Private lease

we created a website for Mazda Netherlands with excellent interaction to offer users the best possible experience when ordering a private lease car online.

Leasing a Mazda privately is now easy and fast online via privatelease.mazda.nl. For Mazda Nederland we created a website with excellent interaction for the best possible experience. As an end user, you are completely unaware that there are many underlying APIs communicating while you order your new car.

Mazda Netherlands wanted to be able to sell their cars online via private lease. We started working together with Mazda and design agency Morrow, with whom we previously built the successful Car Configurator. The website would offer a few choices to assemble the car, but it would mainly consist of a form.. But how do you make a form sexy and also accessible to everyone? We opted for best-in-class interaction for an optimal experience of the ordering process.
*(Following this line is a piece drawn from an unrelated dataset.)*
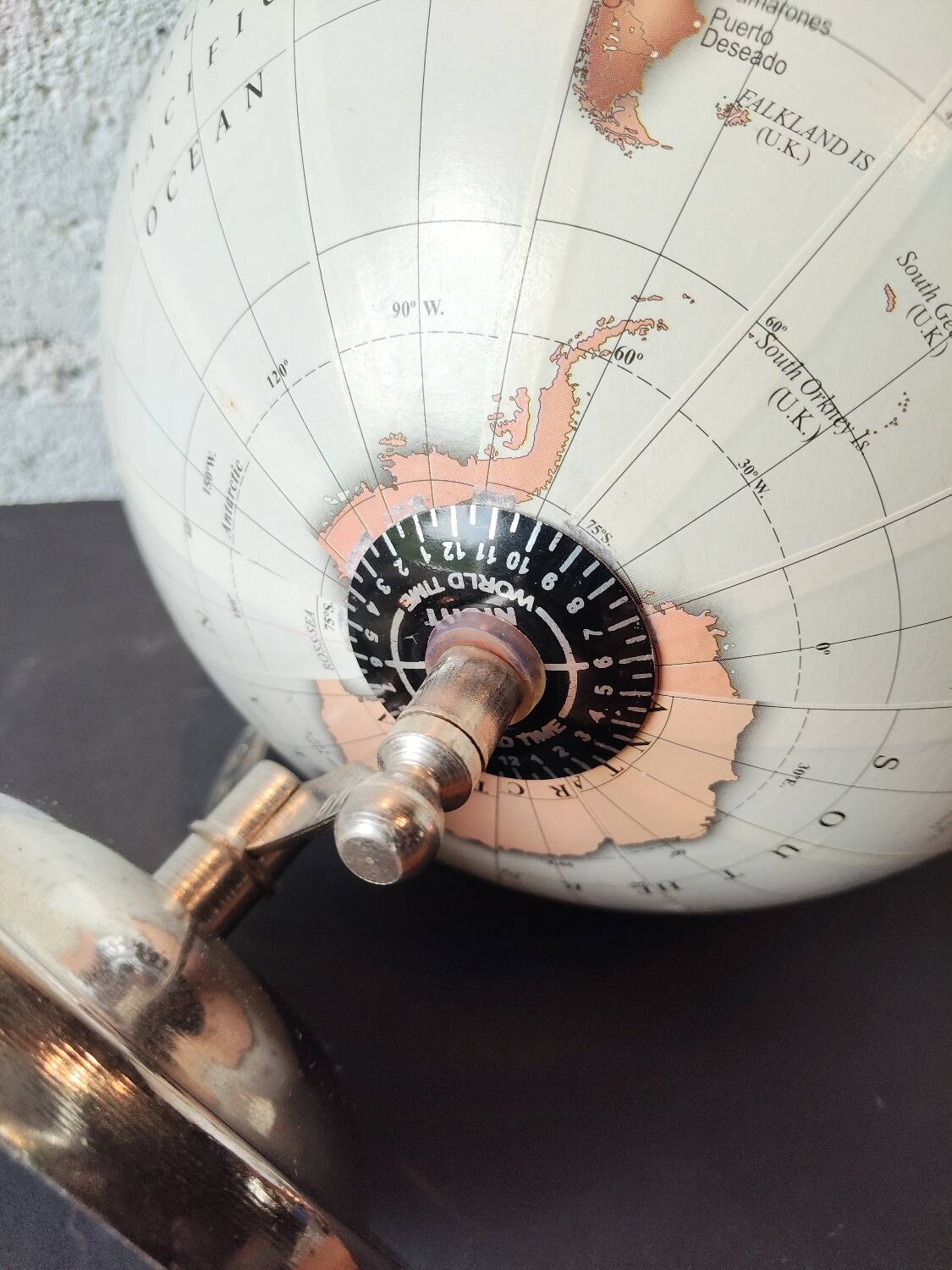Decorative terrestrial globe on silver metal stand – explorer style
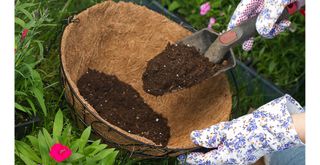 person preparing a hanging basket with a trowel adding compost to a liner as the first step of how to plant a summer hanging basket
We started by asking ourselves what makes a nice form. We liked the simplicity of Typeform that shows one question per screen. You can easily navigate to the next question with your keyboard. But where Typeform works well with surveys, we noticed that it works less well for forms. Our contact form would not consist of isolated questions, but of fields that have a certain connection. Pulling those questions apart felt illogical and inconvenient.
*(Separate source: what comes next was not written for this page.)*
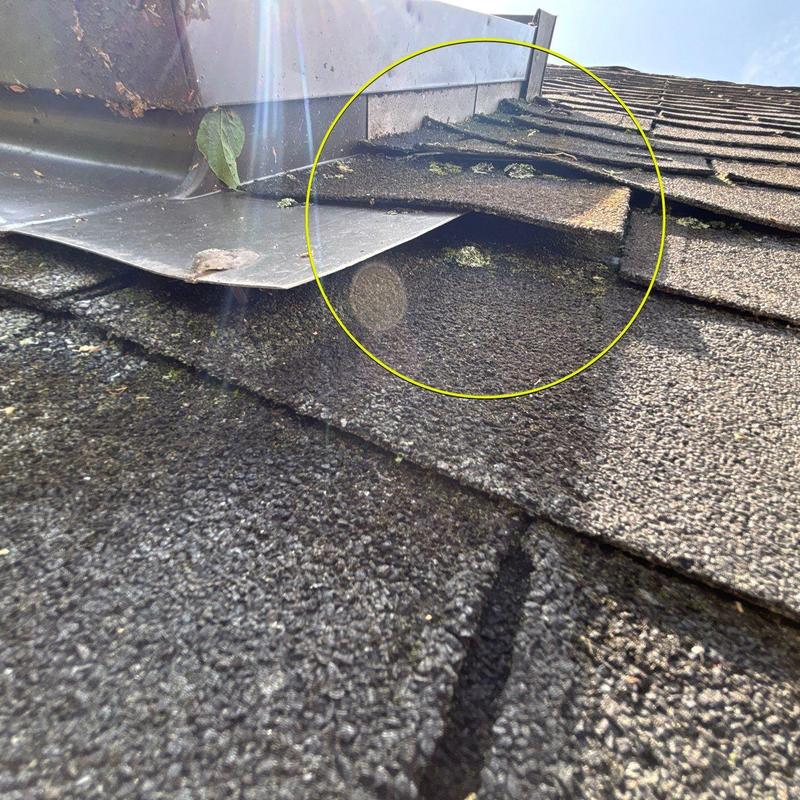 Asphalt shingles with hail damage near flashing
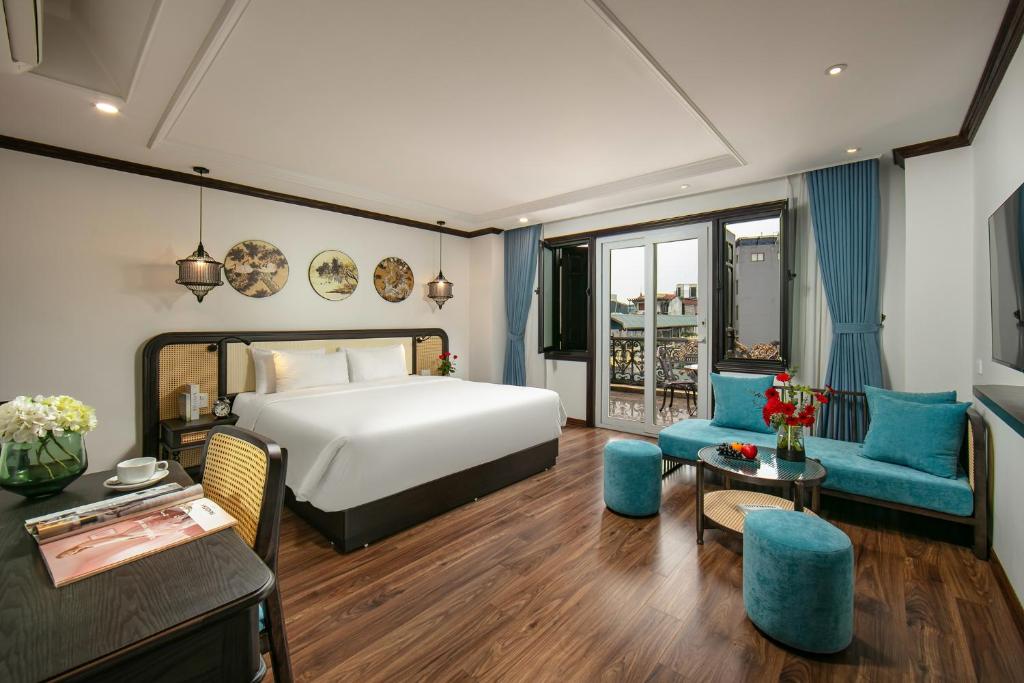 a hotel room with a bed and a table and chairs at Media Central Hotel & Spa in Hanoi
So we eventually opted for a simple, self-built form with separate steps for name fields, address fields and telephone number. A form that you as a user can freely navigate through, receive relevant feedback and where at the end it is checked whether you have filled in all fields.
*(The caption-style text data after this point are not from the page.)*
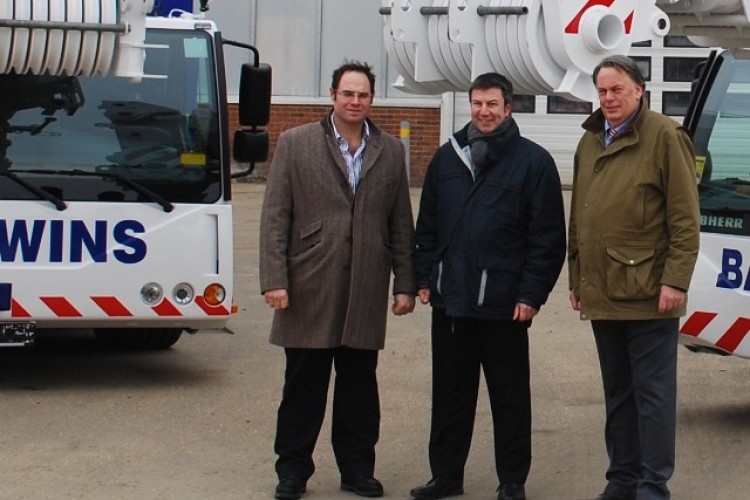 Wayne Baldwin (left) with Liebherr GB managing director Richard Everist (centre) and Baldwins&rsquo; sales director John Spillings (right)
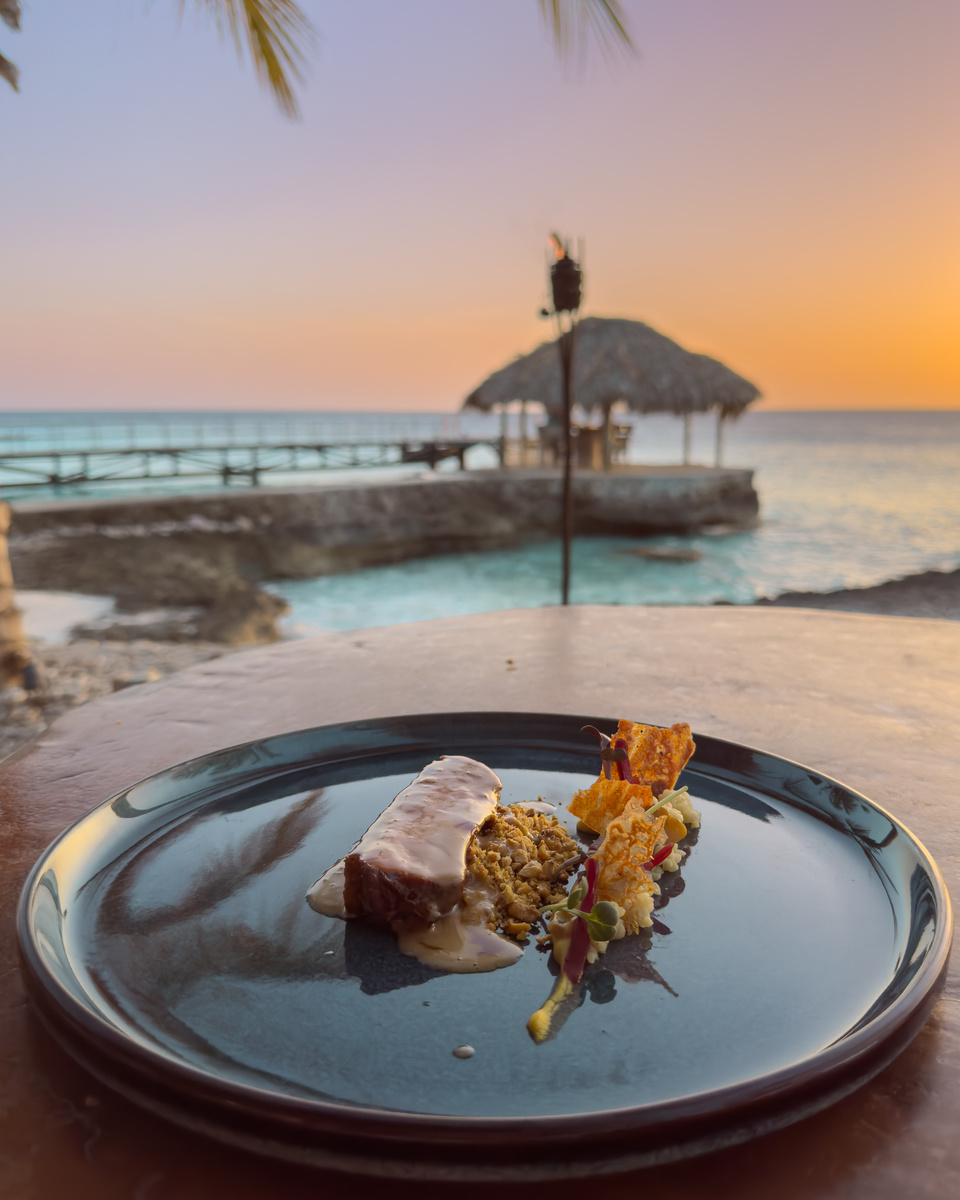 A plated main course at Brass Boer beside the sea at sunset.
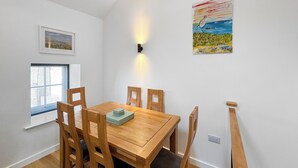 Een eethoek met een houten tafel en stoelen, een raam met zonwering en een wandlamp.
The entire form can be operated with the keyboard. In addition, we have retained all native HTML elements. As a result, the accessibility of the website is covered. Even on mobile it works great, which is often not the case with online forms. It is therefore a very pleasant experience for an end user. Not least because we have built one central API for the six external APIs that controls those six other APIs. As an end user, you therefore do not notice the underlying processes. And we like that: reducing a complex infrastructure to an elegant and user-friendly website or app.

User-friendliness is in the details. Even - or especially - with something as simple as an ordering process. So we thoroughly tested the go-live website during our bi-monthly Real User Mornings. One of the main conclusions of this usability test was that many users needed more guidance. After all, leasing a car is a big step.

We have also been able to improve the completion of the ordering process thanks to our usability test. The last screen should be a party: you ordered! Yet that screen was perceived as unclear. By providing more information about the next steps, the end user now has the feeling of being able to click the screen closed with peace of mind.

By explaining more, offering fewer choices and clarifying texts, the site became even better!